I became a girl obsessed. I loved the stories of strong and powerful Chinese dragons, controlling the weather, bringing good fortune and rescuing princesses,(as opposed to the brutish British type that tended to incinerate young maidens and raze villages, while covetously counting their treasure). Chinese dragons were much more exciting.
So obsessed was I by dragons and dragon motifs that by the time I was in my 20s you could have (and probably did) sell me any old piece of tat so long as it had a picture of a dragon on it. I have managed to wean myself off the tat but these deliciously crumbly Malaysian (sea) dragon cookies to welcome in the Year of the Horse (and soothe my need for dragon kitsch).

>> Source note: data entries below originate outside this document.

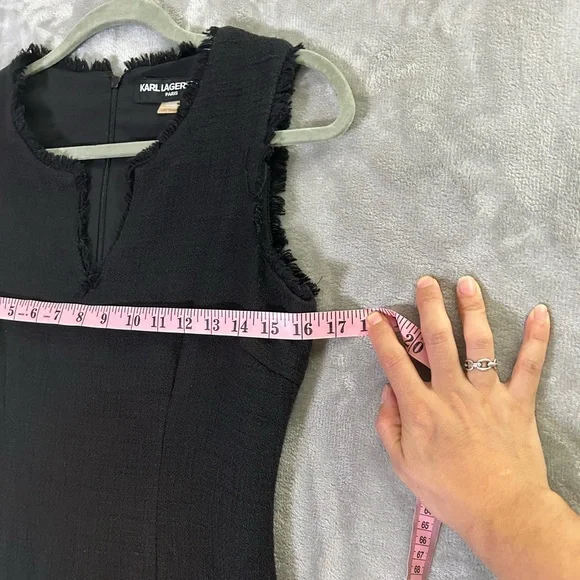 Karl Lagerfeld Paris tweed mini black dress - Picture 7 of 12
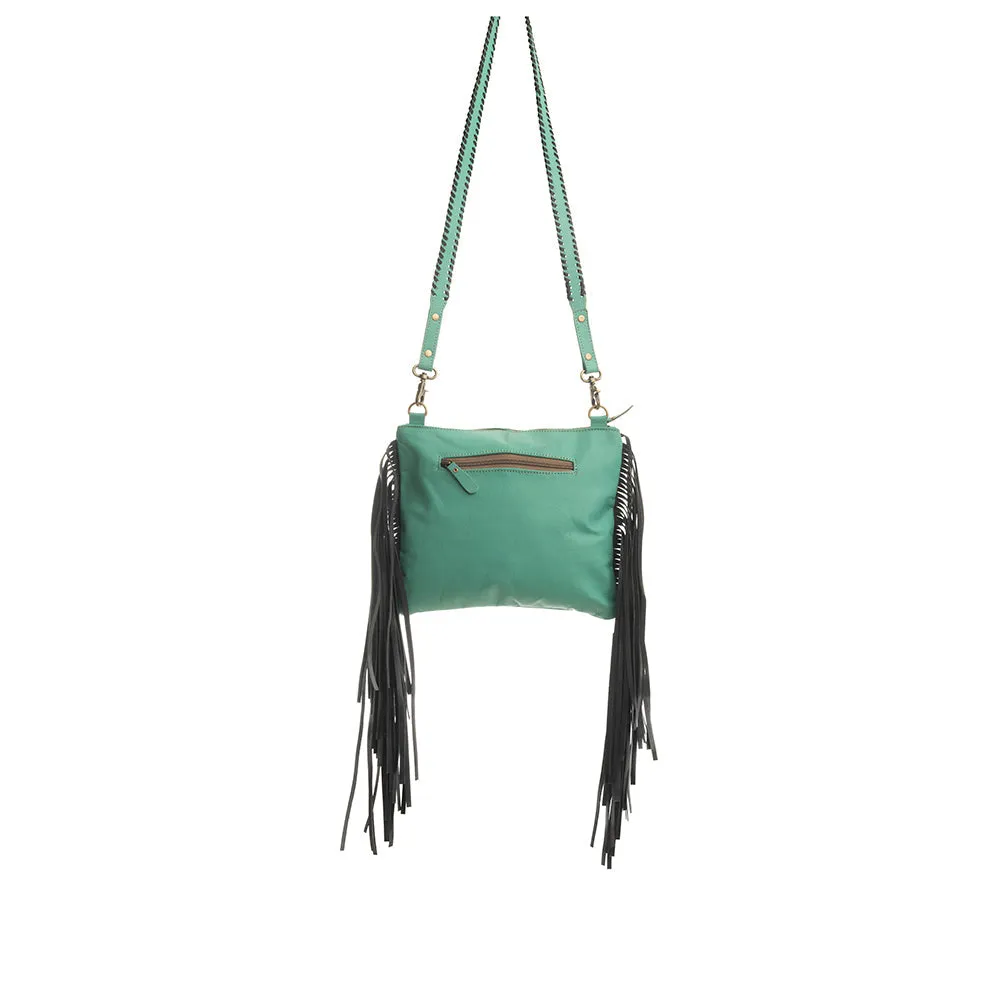 Millstone Fringed Hand-Tooled Bag in Teal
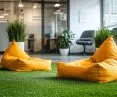 Green accents in interior architecture and outdoor spaces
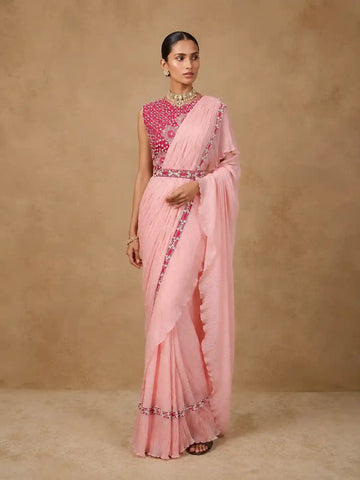 Pink Georgette Saree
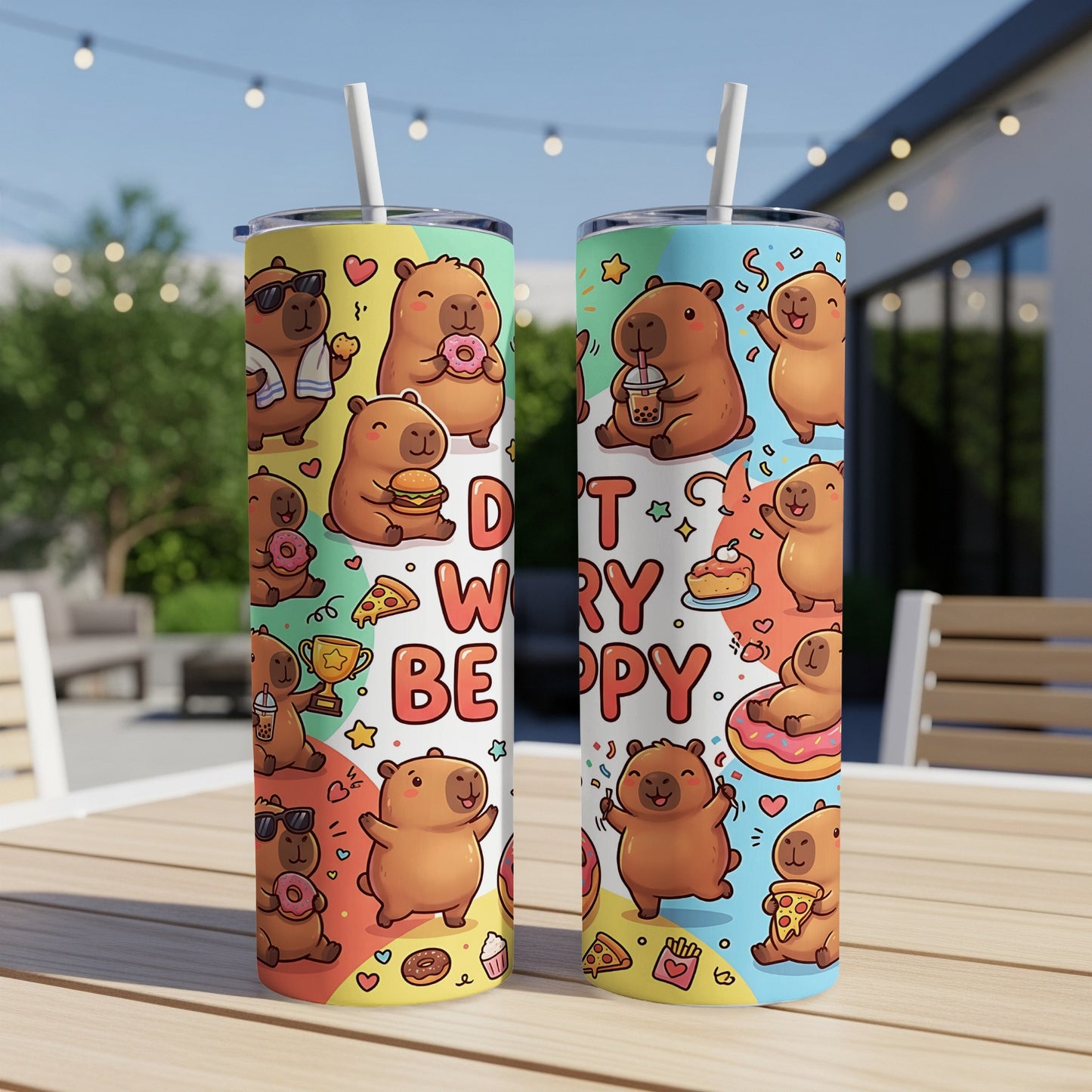 Two tumblers with cute cartoon capybaras enjoying donuts and pizza.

These biscuits are very similar to Danish butter cookies or Viennese swirls, except for the addition of dried milk powder. I have also added a little grated orange zest. It's not traditional, but oranges are considered very lucky at Chinese New Year; frankly I need all the luck I can get.
The mixture does need to be very stiff, so that the cookies don't spread too much in the oven. Conversely, don't over mix the cookie dough or the baked cookies will be very tough. They should be light and buttery and slightly crumbly.
With luck, these cookies will make you healthy, wealthy and wise!
Happy New Year!
250g plain flour, sifted (less 2 tbsps)
250g, butter, softened
1 egg yolk
50g icing sugar, sifted
50g corn flour, sifted
2 tbsp dried milk powder
orange zest, very finely chopped
½ teaspoon vanilla extract
red food colouring
star-shaped icing nozzle
- Preheat the oven to 160C.
- Cream the butter with the icing sugar until very pale. Add egg yolk and beat until well-combined.
- Fold in the sifted flours and milk powder, together with the orange zest. Add the vanilla extract.
- Pipe squiggles of cookie dough onto a prepared baking sheet (using a star-shaped nozzle).
- Before baking, poke 2 holes in each "dragon" to make eyes, with a toothpick. Use the same toothpick, dipped into food colouring, to fill in the eyes. (They made need topping up again with colour after baking.)
- Bake for 12 to 15 minutes until just beginning to colour.
- Dip in melted chocolate for an indulgent treat.